Ike’s secret visit to Rochester

Ike’s secret visit to Rochester

Former President Dwight D. Eisenhower and Bob Hope, center, take part in the September 1965 groundbreaking for Eisenhower College in Seneca Falls. Also pictured, from left, are John Rosenkrans, New York Gov. Nelson Rockefeller, Earl McGrath and Scott Skinner. (Photo: File photo 1965)

As seen in The Presidential Visits Series in its entirety: James Monroe to Donald Trump, 16 sitting presidents have definitely visited Rochester. Can we now add President Dwight Eisenhower who sometime between 1958 and 1960 almost surely met with senior management at Kodak on a classified trip with no public appearances?

Recently, we received a letter from Scott D. Hicks who grew up in Brighton and now lives in Vermont.  Scott read  October 23rd and 24th, 1952 when Ike and Adlai were in town back to back. And School 29. and offered a testimonial that his father, Dr. H. Frank Hicks Jr., an engineer at Kodak, was told of the visit that — apparently — remained entirely secret until 2011.

In non-exhaustive research, Michael Nighan and myself found no written evidence of the trip. Hicks was not himself at the meeting but was later told of its existence. As far as we know no eyewitnesses have written of Eisenhower’s visit. Ultimately, right now, we can’t — and probably never can — absolutely verify that Ike was here. But based upon Hick’s reputable career at Kodak, there is no reason to discount his account.

For further possible evidence,  in 1999 Rochester History published Richard E. Holl’s “Marion B. Folsom and The Rochester Plan of 1931.”  Folsom had been the Kodak Treasurer but resigned to become the Secretary of Health Education and Welfare in Eisenhower’s cabinet from 1955 to 1958.  In 1958, Folsom was back at Kodak. Perhaps one secondary aspect of the Rochester trip was the opportunity for Eisenhower and Folsom to meet.

— from Scott D. Hicks

My father, Dr. H. Frank Hicks, Jr., told me in 2011 that President Eisenhower had visited Eastman Kodak sometime between 1958 and 1960. It may have been a classified trip with no public appearances. The purpose of the trip, according to my father, was to meet with senior management at Kodak to discuss the development of the camera system for the Gambit seriesof reconnaissance satellites. The Gambit satellites carried America’s first high resolution cameras in space. The first successful launch was in July, 1963. The Gambit program was highly classified until 2011. In September of that year the National Reconnaissance Office held an event at the National Air and Space Museum in Washington, D.C. to celebrate the 50th anniversary of the NRO, and to declassify the Gambit and Hexagon reconnaissance satellite programs. My father was invited to attend, along with about 4,000 other people, because he had been the program manager at Kodak responsible for the design, manufacture, and deployment of the Gambit camera systems. He was allowed to invite one guest to the dinner, so I went with him. After the dinner he told me that President Eisenhower had met with senior management at Kodak during his visit to Rochester.

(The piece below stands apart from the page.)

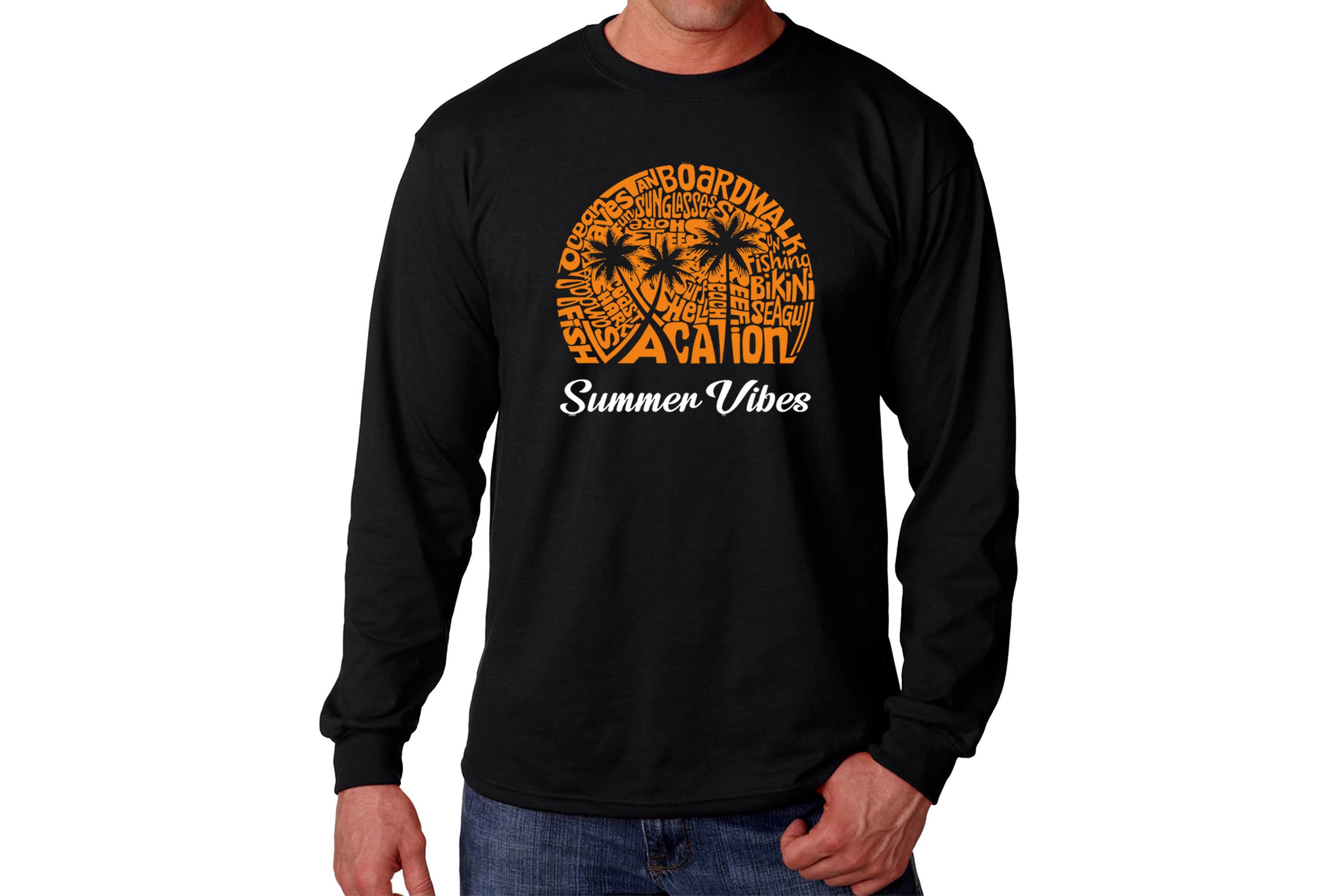 Mens Word Art Long Sleeve T-Shirt - Summer Vibes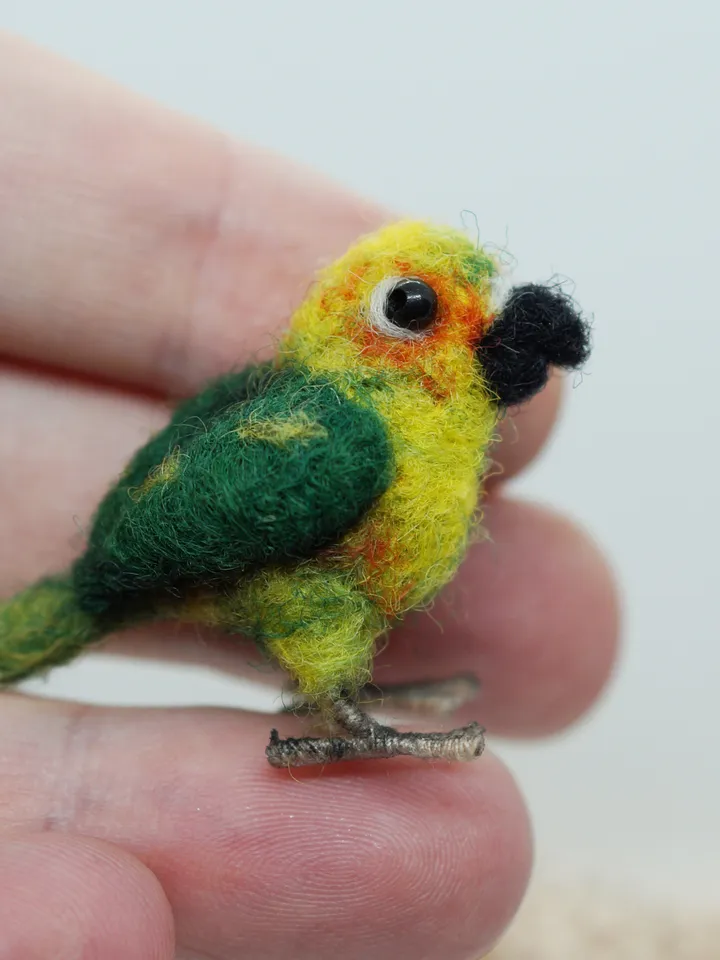 Miniature needle felted Jenday Conure, miniature parakeet, tiny parrot, made to order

I know that the visit occurred sometime between March, 1958, and the end of Eisenhower’s term as President in January, 1961 because my father’s assignment to lead Kodak’s portion of the reconnaissance camera program began in March, 1958. It was not called Gambit at the time. That code name came later, probably in 1960. My dad said that in 1960 after Gary Powers was shot down in his U-2 spy plane over the Soviet Union, the spy satellite program “went black” which meant that discussion about the work was highly restricted. He was prohibited from discussing the project even if he was asked to do so by most senior management at Kodak.

At his inauguration as the University’s sixth president on May 17, 1963, W. Allen Wallis presents an honorary degree to former president of the United States Dwight Eisenhower. Wallis, an economist and statistician, had been a special assistant to Eisenhower during Eisenhower’s second presidential term. Eisenhower had also been a university president himself—Columbia’s 13th president, from 1948 until 1953. Appearing on either side of Eisenhower and Wallis are Joe Howland, professor of radiation biology (left), and Gilbert McCurdy, a University trustee. (rochester.edu}

Until 2011 my father was never allowed to tell anyone outside of the program about his work, including my mother, my siblings, and me. All we knew at the time was that he was working on classified government projects that had something to do with defense. My mother passed away in 1999 never knowing what her husband had worked on for so many years. He had to travel frequently, especially to California. My mother took care of their three children by herself for many weeks every year in the 1950s and 60s.

At the NRO dinner in 2011 we were able to spend some time with Leslie Mitchell, who I believe was the lead engineer on the team that designed the Gambit camera system. Leslie and his wife Lillian were some of my parents’ closest friends. Les passed away in 2012.

One of the rare projects that my dad was able to talk about while it was going on were the Lunar Orbiter missions to the moon in 1966 and 1967. Under the direction of Dr. William Feldman Kodak engineers designed and manufactured the camera system for the five Lunar Orbiters that photographed about 99% of the lunar surface. The primary purpose was to identify sites where the Apollo astronauts could land.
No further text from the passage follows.